## Work request:
In the copy, include every entry exactly but none of the images.
====== Task input ======
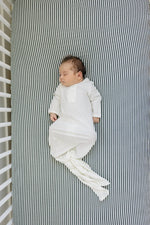 Mebie Baby Green Stripes Muslin Crib Sheet For Baby Bedding Soft Breathable Nursery - 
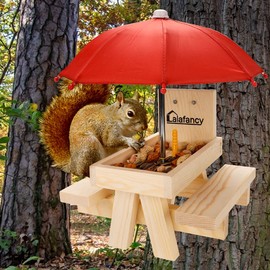 Squirrel Table Feeder with Umbrella, Lalafancy Wooden Picnic Table Feeder for Squirrels with Corn Cob Holder, Squirrel and Chipmunk Gifts for Squirrel Lovers, Built Strong from Pine Wood
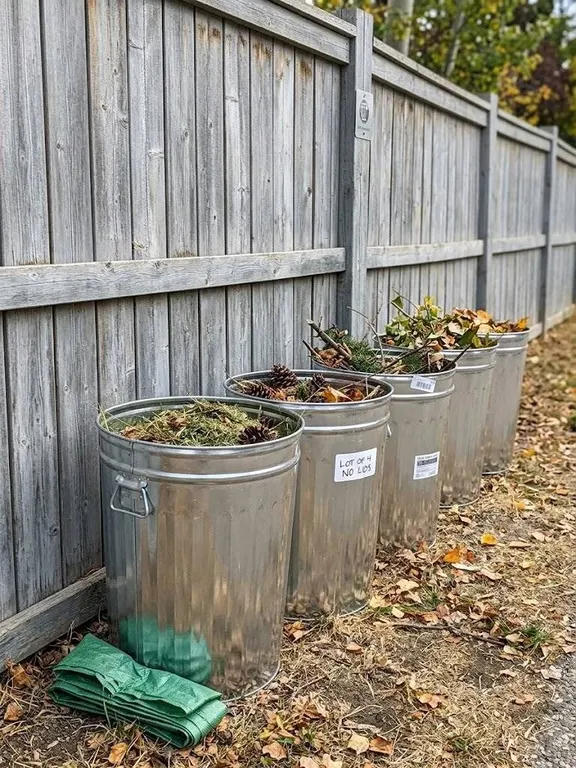 Steel Core Metal Trash Cans 75L, Lot of 4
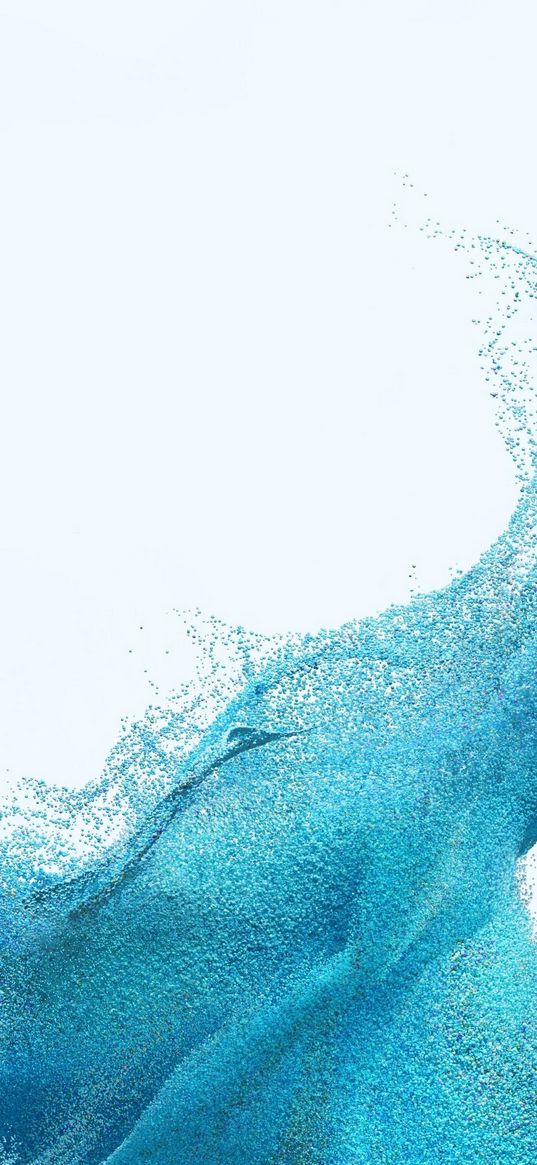 spray, sand, wave, blue, white background, abstraction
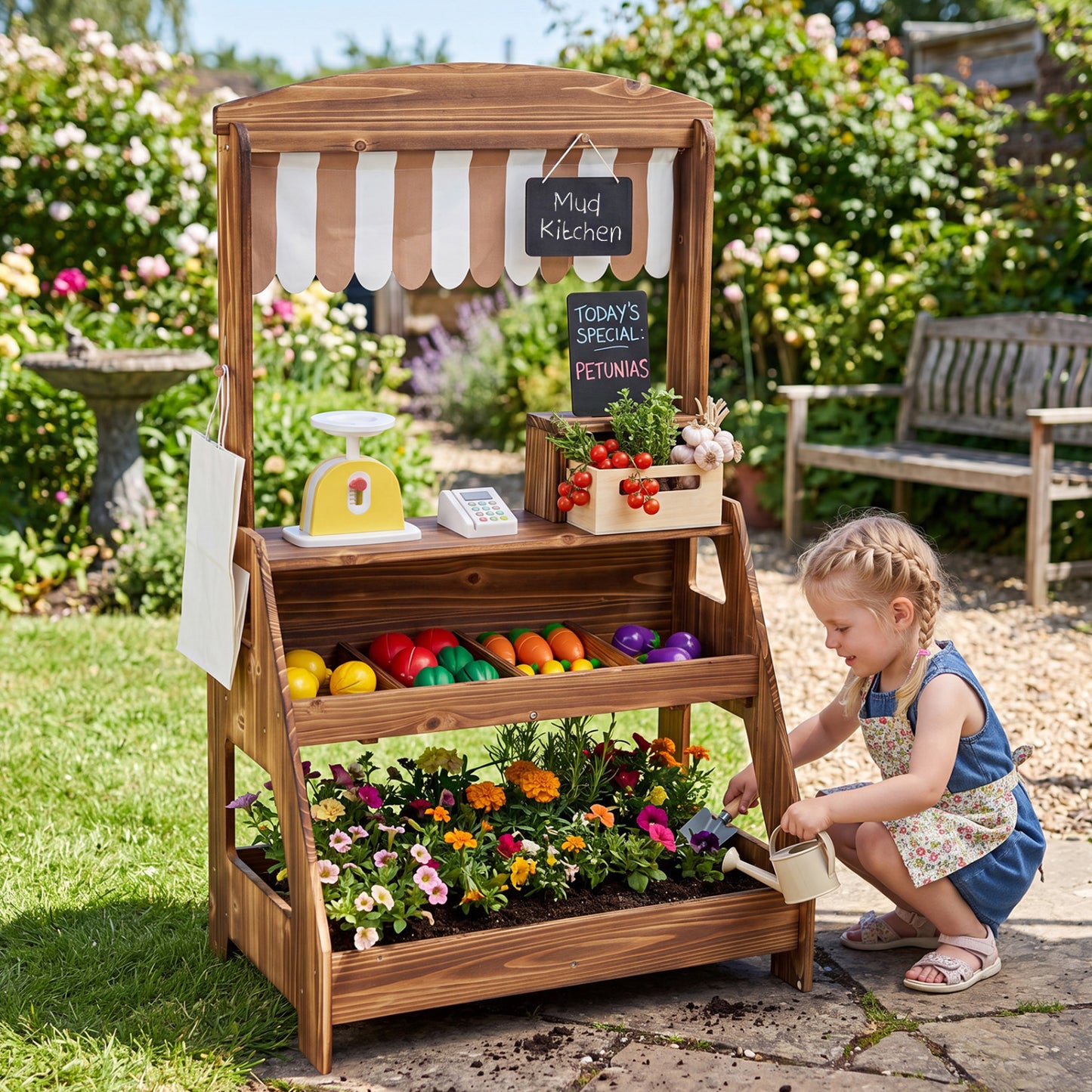 Cuisinière en boue en bois et stand de marché 2-en-1 pour enfants, marron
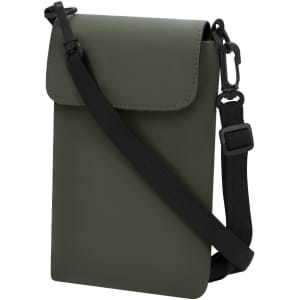 A green multipurpose bag with a flap closure and adjustable strap, featuring a logo. Suitable for office use.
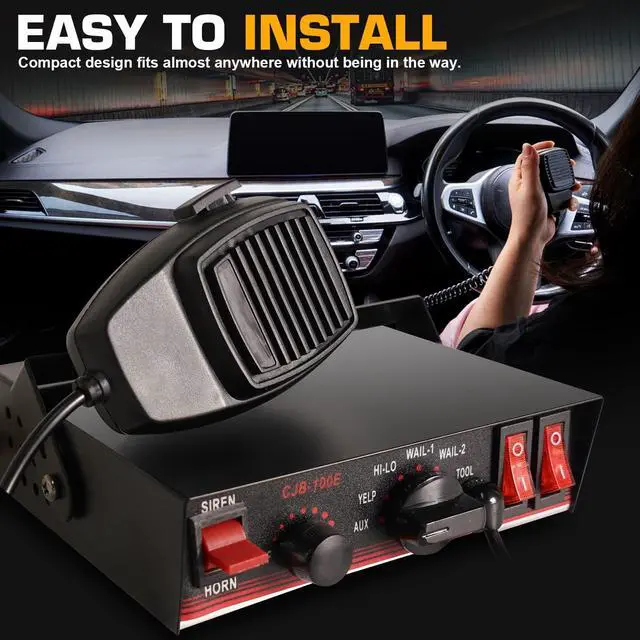 Alt view image 3 of 6 - 150W Emergency Vehicle Siren with PA System - 108-134dB Police/Fire Truck Sirens, Yelp/Wail/Hi-Lo Modes, IP67 Waterproof, Includes Mic & Speaker for Car PA Systems | Truck pa System kit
======
## Written reply:
 Mebie Baby Green Stripes Muslin Crib Sheet For Baby Bedding Soft Breathable Nursery - 
 Squirrel Table Feeder with Umbrella, Lalafancy Wooden Picnic Table Feeder for Squirrels with Corn Cob Holder, Squirrel and Chipmunk Gifts for Squirrel Lovers, Built Strong from Pine Wood
 Steel Core Metal Trash Cans 75L, Lot of 4
 spray, sand, wave, blue, white background, abstraction
 Cuisinière en boue en bois et stand de marché 2-en-1 pour enfants, marron
 A green multipurpose bag with a flap closure and adjustable strap, featuring a logo. Suitable for office use.
 Alt view image 3 of 6 - 150W Emergency Vehicle Siren with PA System - 108-134dB Police/Fire Truck Sirens, Yelp/Wail/Hi-Lo Modes, IP67 Waterproof, Includes Mic & Speaker for Car PA Systems | Truck pa System kit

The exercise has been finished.